It has been just over seven decades since the Temple Owls last defeated keystone state rival Penn State. Rivalry might be a stretch to judge this one-sided clash, but for a team striving to get back to a bowl game, Temple's season opener is crucial for Matt Rhule and his Owls.
Rhule's alma mater got the best of his unit last season at Beaver Stadium, 30-13, but his mindset resides in the team he's trying to bolster into a contender. The former PSU linebacker runs the show for Temple, but preaches avoiding detractors and focusing on controllable aspects of the game:
"I can certainly understand people, especially someone so close, wanting to get a win but none of that really matters when the game is kicked off. That’s what we’ve tried to sell our guys on for every game. Once the ball is kicked off it matters how well you prepared and how well you play. Were just trying to make sure we play as well as we can play."

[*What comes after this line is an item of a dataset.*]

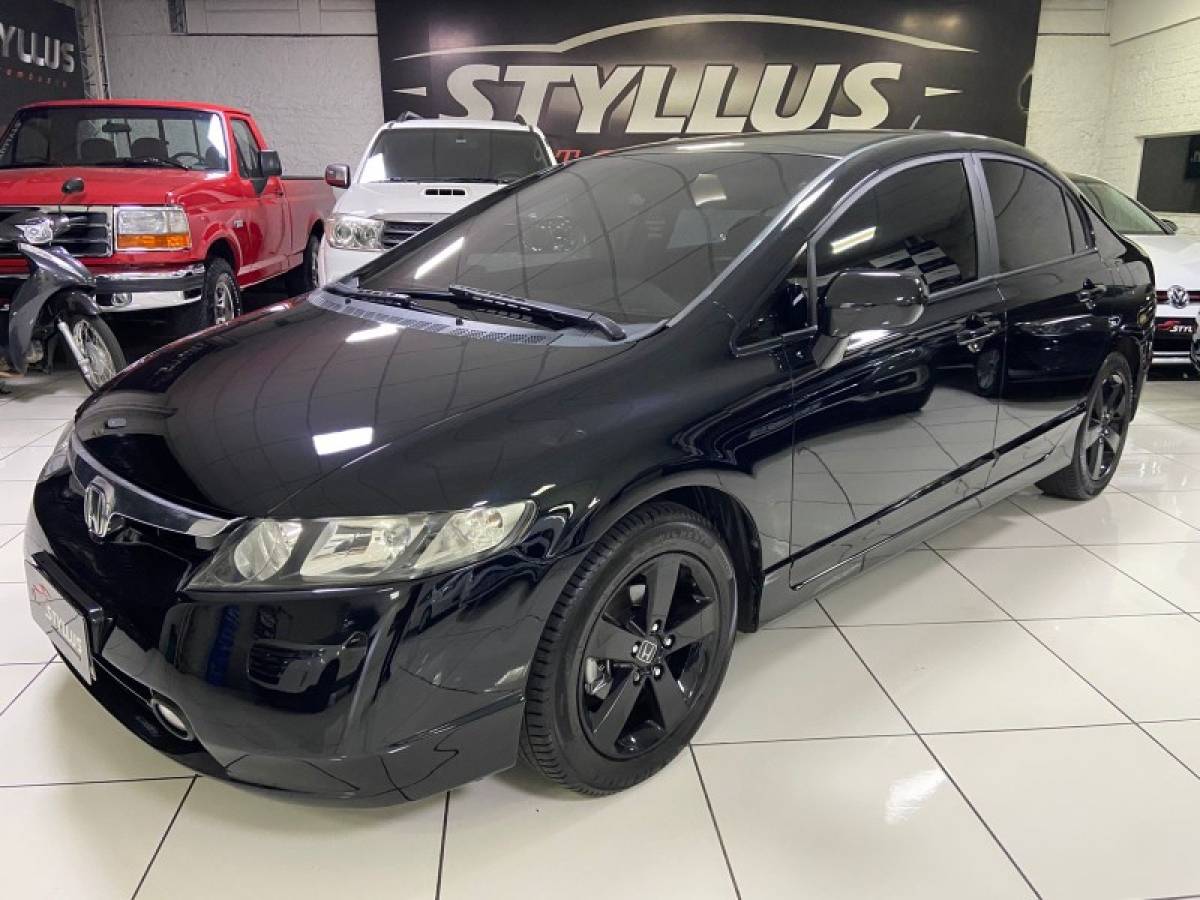 HONDA - CIVIC - 2008/2008 - Preta - R$ 45.900,00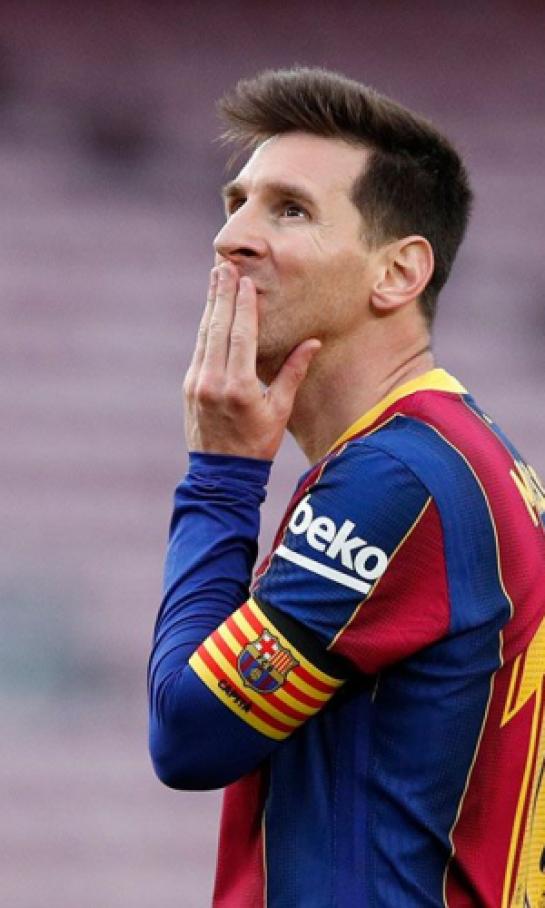 ¿Qué detiene a Messi de firmar con el Barcelona?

If the Owls, at Lincoln Financial Field, play to their peak potential, Penn State will have a difficult time handling crowd noise while matching their counterparts on both sides of the ball. The Nittany Lions were an even 2-2 on the road last season, but have weapons on offense to match Temple's. Matt Rhule might be signaling to focus on what you can control to his team, but handling a first-round NFL candidate is a tough task for any defense.
Both Coach Rhule and Coach Snow talked about PSU QB Christian Hackenberg as a big talent with a gunslinger type arm. The Owls will look to pressure the junior without their leading sack artist last season in senior Praise Martin-Oguike. Rhule labeled him out for Saturday which presents a deficiency on the edge for the defense:
"I don’t know if he’ll be able to go this week honestly. Hopefully he can give us a couple of snaps. If not, hopefully he’ll be ready against Cincinnati."
Losing Martin-Oguike puts the Owls in a precarious situation lacking pass rushers. The unfortunate event shouldn't deter Temple from putting out ideal effort Saturday and maintaining focus. By now, focusing on individual play and blacking out everything else is etched in these tested warriors.